### Work item
Please repeat, exactly and without pictures, the lines of the entries below that run from the one containing "Summit White /" through the one containing "Фото Audi Q7 30".

### Data under study
□ □ □ □

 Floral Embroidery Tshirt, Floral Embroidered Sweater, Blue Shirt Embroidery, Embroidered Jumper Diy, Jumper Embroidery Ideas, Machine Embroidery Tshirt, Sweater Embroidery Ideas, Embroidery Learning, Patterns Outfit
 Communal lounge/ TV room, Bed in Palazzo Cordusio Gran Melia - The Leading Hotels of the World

□ □ □ □

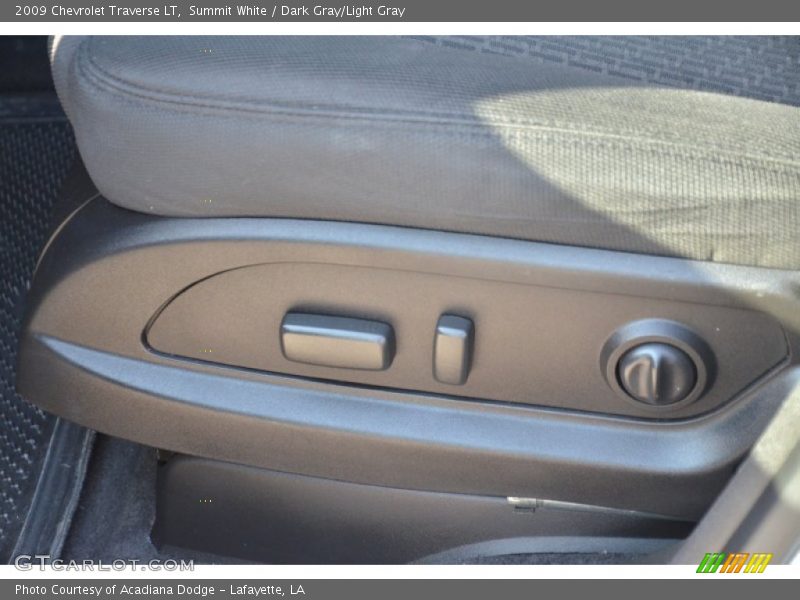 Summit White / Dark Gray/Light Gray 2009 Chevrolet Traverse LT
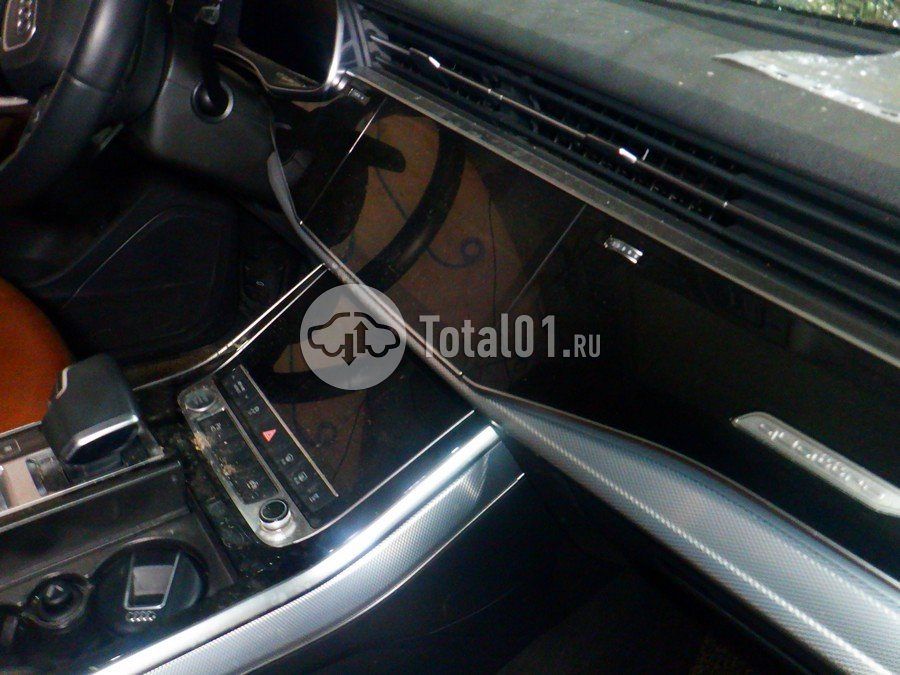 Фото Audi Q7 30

□ □ □ □

### Task solution
 Summit White / Dark Gray/Light Gray 2009 Chevrolet Traverse LT
 Фото Audi Q7 30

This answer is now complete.